Lassa fever: Nigeria no longer a threat to the world

There was only one reported new case of Lassa fever in Nigeria last week

Photo courtesy WMOT.org

Nigeria’s latest Lassa fever report is out, here is everything you need to know

Nigeria’s health minister, Prof Isaac Adewole, has declared that the country is no longer posing a threat to the rest of the world regarding Lassa fever.

He made the declaration at a stakeholders’ meeting on Lassa fever organised by the office of the Secretary to the Government of the Federation (SGF).

“In one week now, we have only recorded one case of Lassa fever in the country and we no longer constitute a threat to the global world,” Adewole said.

Adewole was referring to the tagline of the latest Lassa fever Situation Report that was released by the Nigerian Center for Disease Control (NCDC) which is available below.

ncdc latest data

According to the publication that was released on Sunday April 22, the only case reported was in Edo state.
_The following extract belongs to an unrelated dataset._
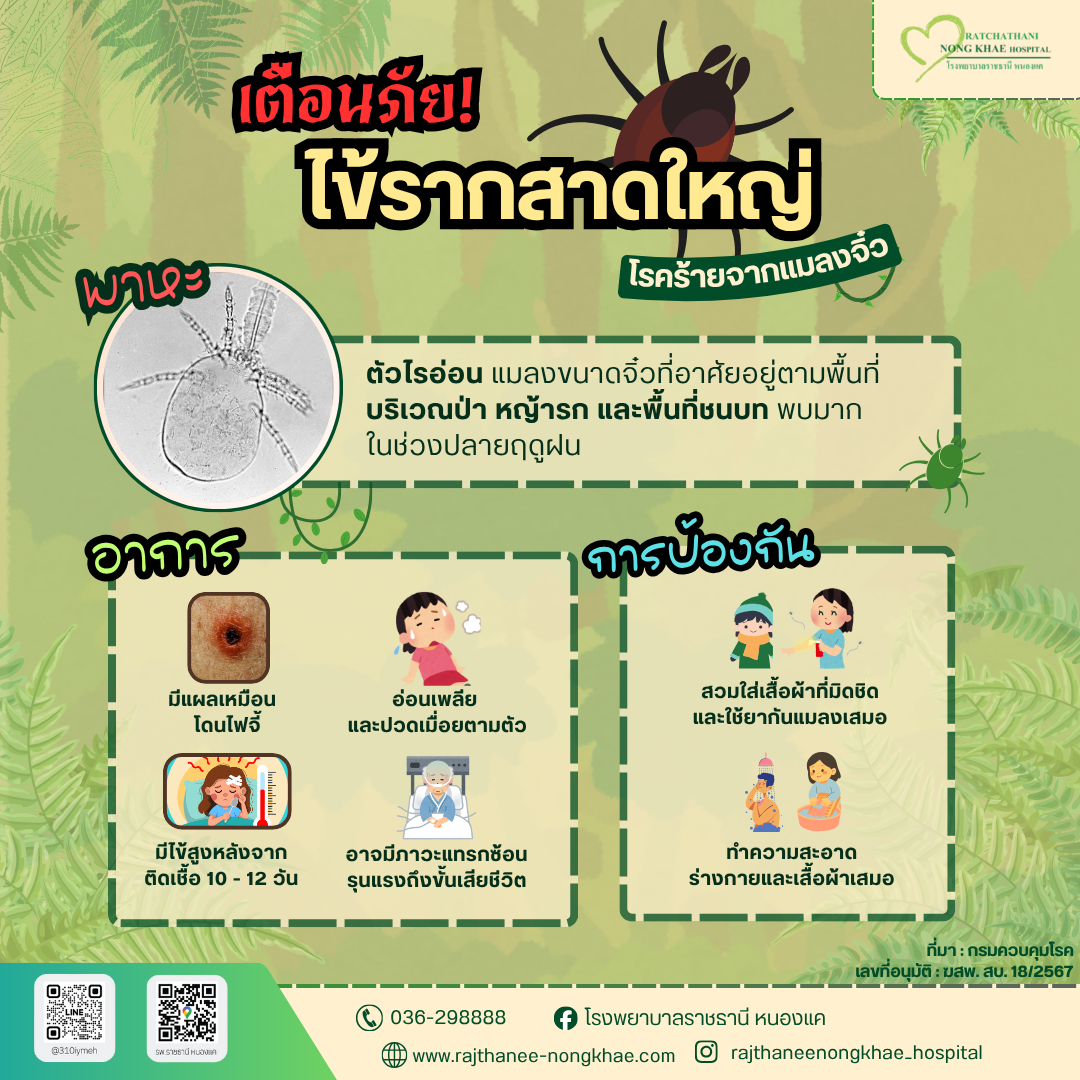 ไข้รากสาดใหญ่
In 2018 alone,  NCDC said there has been a total of 1865 suspected out which more than 416 were confirmed positive, 9 are probable, 1439 came out negative while 1 still awaits laboratory confirmation.
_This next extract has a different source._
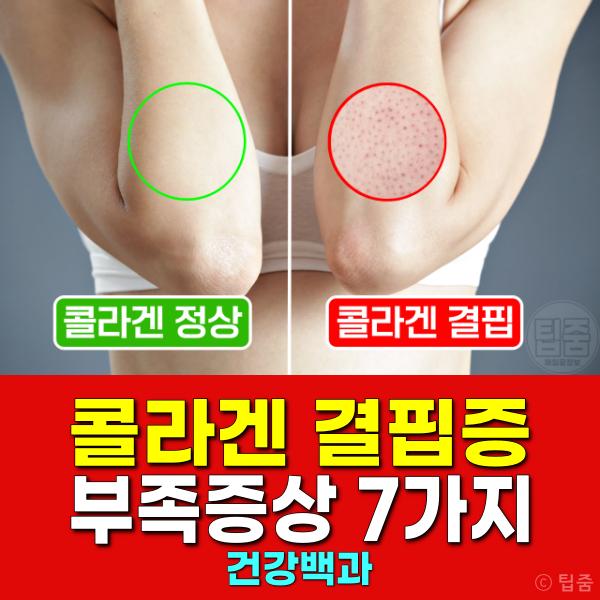 콜라겐 결핍증 부족증상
“Since the onset of the 2018 outbreak, there have been 105 deaths in confirmed cases, 9 in probable cases. Case Fatality Rate in confirmed cases is 25.2%,” NCDC stated.

A total of 21 states have recorded at least one confirmed case across 70 Local Government Areas. The states are Edo, Ondo, Bauchi, Nasarawa, Ebonyi, Anambra, Benue, Kogi, Imo, Plateau, Lagos, Taraba, Delta, Osun, Rivers, FCT, Gombe, Ekiti, Kaduna, Abia and Adamawa. NCDC added that 12 states have exited the active phase of the outbreak while nine States remain active.
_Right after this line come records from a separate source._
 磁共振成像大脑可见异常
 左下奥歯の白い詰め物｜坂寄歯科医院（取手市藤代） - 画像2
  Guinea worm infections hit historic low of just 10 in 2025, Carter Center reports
Since the onset of the outbreak, a total of 37 health care workers have been affected in eight states led by Ebonyi (16) and Edo (12). Other states are Ondo (3), Kogi (2), Benue (1), Nasarawa (1), Taraba (1), and Abia (1) with eight deaths in Ebonyi (6), Kogi (1) and Abia (1)

While Ebonyi has the highest number of affected health workers, it only has the third highest number of confirmed case trailing behind Edo (42%) Ondo (23%) and Ebonyi (16%) states. These 3 states account for 81% of confirmed Lassa fever cases in Nigeria.

“A total of 4906 contacts have been identified from 21 states. Of these 420 (8.6%) are currently being followed up, 4476 (91.2%) have completed 21 days follow up while 7(0.2%) were lost follow up. 78 symptomatic contacts have been identified, of which 28 (36%) have tested positive from five states (Edo-13, Ondo-8, Ebonyi-3, Kogi -3 and Bauchi-1),” NCDC added.